Why Mark Haines was one of television’s great ones

Updated
Willie Geist remembers CNBC's Mark Haines on the May 26, 2011 episode of "Way Too Early".
Willie Geist remembers CNBC's Mark Haines on the May 26, 2011 episode of "Way Too Early".

Here’s a secret I’ll share if you swear not to tell anyone: some people in television are phony. That stays between us. Mark Haines was not one of those people. 

Mark appeared several times a week on Morning Joe to give us our daily update from the New York Stock Exchange, and we always knew what we were getting: brutal, and often hilarious, honesty. If you asked, “What’s going on down on Wall Street today, Mark?”, you might get a response like, “I’ve got nothin’ today. Let’s talk about something else.” If you asked him to interpret some new economic data, he might say, “I don’t know what it means. Nobody does, and if they tell you they do, they’re lying.” That doesn’t mean Mark didn’t know his stuff – boy, did he ever – it just means he wasn’t going to hype a story or spin numbers for the sake of television. Imagine that.
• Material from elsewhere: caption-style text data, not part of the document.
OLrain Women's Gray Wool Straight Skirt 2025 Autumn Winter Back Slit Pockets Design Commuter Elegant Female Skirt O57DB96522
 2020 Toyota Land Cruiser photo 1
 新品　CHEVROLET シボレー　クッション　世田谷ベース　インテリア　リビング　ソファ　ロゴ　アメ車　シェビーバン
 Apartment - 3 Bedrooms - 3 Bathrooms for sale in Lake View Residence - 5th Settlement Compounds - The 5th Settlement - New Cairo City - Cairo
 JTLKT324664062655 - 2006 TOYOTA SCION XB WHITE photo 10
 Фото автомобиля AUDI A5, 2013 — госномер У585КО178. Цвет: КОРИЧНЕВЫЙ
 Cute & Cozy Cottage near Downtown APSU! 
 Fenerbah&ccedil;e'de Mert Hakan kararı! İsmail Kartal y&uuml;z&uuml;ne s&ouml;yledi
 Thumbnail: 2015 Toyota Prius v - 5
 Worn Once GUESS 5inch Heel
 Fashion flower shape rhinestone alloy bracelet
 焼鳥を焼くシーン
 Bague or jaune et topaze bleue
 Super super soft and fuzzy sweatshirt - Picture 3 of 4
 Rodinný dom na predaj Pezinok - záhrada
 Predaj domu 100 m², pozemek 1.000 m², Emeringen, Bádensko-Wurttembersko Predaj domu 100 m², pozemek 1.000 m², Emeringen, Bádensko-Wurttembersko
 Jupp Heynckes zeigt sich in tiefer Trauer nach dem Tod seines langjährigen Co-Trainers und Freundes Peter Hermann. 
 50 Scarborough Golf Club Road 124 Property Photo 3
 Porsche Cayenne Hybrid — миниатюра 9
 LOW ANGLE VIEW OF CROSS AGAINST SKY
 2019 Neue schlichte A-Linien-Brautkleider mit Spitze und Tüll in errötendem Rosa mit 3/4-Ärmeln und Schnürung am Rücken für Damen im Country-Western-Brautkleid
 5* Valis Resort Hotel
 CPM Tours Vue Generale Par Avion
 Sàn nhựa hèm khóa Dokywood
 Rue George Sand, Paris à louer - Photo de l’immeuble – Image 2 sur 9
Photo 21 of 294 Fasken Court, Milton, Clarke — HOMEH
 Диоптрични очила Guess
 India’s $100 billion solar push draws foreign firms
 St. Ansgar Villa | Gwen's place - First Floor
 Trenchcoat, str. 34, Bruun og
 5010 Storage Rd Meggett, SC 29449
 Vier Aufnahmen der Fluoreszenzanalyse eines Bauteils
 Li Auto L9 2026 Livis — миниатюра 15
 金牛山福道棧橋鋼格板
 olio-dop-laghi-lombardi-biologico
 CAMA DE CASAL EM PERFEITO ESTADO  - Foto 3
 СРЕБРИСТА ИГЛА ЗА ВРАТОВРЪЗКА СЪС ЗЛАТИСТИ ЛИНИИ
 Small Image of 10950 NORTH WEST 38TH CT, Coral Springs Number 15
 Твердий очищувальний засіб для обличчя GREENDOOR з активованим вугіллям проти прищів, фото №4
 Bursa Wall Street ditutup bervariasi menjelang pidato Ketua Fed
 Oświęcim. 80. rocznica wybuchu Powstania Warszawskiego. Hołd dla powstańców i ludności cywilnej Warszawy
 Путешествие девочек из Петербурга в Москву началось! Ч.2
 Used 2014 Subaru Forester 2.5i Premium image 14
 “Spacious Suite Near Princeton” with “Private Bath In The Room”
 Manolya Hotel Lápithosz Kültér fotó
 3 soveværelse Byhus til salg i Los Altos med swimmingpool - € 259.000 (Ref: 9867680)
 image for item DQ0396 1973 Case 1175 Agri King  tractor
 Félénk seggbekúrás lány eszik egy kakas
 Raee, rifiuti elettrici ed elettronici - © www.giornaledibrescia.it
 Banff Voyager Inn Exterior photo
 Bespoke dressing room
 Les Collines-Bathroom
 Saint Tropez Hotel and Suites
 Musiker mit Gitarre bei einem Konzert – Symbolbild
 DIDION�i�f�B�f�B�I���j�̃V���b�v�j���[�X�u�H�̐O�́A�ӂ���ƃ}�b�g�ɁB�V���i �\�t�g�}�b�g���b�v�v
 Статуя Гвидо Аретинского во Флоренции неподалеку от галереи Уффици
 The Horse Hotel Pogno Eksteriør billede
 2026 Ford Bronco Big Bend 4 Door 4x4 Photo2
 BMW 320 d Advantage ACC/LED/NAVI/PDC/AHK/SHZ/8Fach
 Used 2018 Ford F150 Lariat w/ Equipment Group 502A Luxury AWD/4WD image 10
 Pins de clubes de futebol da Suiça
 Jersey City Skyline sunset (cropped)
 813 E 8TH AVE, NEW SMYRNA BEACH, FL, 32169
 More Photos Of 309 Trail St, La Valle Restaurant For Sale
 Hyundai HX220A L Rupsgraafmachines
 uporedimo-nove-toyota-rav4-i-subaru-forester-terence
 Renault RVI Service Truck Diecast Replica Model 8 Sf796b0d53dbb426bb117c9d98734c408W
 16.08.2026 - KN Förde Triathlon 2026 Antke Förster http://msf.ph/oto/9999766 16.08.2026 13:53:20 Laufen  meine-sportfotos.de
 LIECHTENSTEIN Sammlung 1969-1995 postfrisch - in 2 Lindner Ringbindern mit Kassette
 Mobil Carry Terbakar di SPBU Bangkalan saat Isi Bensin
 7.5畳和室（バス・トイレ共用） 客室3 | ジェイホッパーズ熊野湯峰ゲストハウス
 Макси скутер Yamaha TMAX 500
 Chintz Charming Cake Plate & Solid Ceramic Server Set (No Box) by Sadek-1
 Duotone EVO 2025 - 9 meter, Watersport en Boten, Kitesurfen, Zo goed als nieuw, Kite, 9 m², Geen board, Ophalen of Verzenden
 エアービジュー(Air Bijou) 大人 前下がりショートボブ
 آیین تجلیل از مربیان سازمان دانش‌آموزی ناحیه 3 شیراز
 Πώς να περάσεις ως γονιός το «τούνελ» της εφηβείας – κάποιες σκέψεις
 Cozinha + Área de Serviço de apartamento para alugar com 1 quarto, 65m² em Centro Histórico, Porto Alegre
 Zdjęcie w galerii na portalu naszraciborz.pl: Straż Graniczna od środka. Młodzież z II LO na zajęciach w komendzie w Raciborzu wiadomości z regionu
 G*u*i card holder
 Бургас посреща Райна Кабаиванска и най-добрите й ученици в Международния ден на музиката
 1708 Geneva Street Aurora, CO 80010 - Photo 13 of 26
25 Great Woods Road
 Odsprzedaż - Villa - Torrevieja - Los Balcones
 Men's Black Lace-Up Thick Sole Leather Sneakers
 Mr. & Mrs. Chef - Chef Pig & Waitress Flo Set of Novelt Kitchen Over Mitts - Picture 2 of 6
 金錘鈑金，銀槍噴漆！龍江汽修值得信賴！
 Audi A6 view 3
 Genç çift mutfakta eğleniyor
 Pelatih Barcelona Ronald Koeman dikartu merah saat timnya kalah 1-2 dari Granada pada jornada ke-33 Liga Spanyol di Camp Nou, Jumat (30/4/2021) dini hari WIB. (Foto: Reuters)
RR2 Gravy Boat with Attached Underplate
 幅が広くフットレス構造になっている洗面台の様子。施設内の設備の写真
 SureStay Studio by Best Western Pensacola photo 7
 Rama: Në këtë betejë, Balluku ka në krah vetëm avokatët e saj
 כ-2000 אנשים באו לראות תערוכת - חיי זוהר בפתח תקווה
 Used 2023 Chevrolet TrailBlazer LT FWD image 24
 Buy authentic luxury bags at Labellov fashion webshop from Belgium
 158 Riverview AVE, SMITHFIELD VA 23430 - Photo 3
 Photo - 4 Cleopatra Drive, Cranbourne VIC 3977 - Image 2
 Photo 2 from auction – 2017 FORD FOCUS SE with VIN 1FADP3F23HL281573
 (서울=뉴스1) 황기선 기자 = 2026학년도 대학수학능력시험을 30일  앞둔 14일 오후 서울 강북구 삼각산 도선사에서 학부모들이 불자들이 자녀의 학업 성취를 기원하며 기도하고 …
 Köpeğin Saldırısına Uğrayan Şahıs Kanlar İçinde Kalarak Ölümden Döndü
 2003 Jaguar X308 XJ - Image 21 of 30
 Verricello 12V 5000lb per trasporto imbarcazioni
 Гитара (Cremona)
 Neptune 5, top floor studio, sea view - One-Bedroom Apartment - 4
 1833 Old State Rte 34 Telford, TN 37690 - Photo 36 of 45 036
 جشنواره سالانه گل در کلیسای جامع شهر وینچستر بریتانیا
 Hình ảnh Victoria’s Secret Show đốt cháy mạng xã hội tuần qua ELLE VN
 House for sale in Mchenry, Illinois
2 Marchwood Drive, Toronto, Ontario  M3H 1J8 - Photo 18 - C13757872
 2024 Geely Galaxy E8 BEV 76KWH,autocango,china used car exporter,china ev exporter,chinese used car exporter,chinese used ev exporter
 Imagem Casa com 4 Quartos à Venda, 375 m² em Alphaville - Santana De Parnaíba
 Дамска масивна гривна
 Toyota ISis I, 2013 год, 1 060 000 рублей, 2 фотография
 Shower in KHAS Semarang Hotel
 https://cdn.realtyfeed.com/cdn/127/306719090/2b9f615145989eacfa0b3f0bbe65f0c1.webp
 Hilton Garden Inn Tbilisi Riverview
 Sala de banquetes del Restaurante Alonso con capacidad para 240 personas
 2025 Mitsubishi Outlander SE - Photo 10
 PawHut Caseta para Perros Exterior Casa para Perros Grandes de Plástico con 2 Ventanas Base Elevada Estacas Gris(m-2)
Even when you gave him a quick throwaway line at the end of the update like, “What are you up to this weekend, Mark?”, as I did once, you might be in for a lengthy preview of his Saturday of gardening, deck sealing, or driveway resurfacing. Small talk did not exist in his world. If you ask a question, you’re getting an answer.

If you needed to know what kind of impact Mark Haines had on the people around him, all you had to do was to turn on CNBC on Wednesday morning as the news of his death broke. His longtime friends and colleagues gathered on sets and on satellites across the country to tell Mark Haines stories in a kind of instant, nationally televised wake. The New York Stock Exchange even held a moment of silence for him.

What a great guy. I just hope that when St. Peter asked Mark why he should let him into Heaven, he was ready for an honest answer.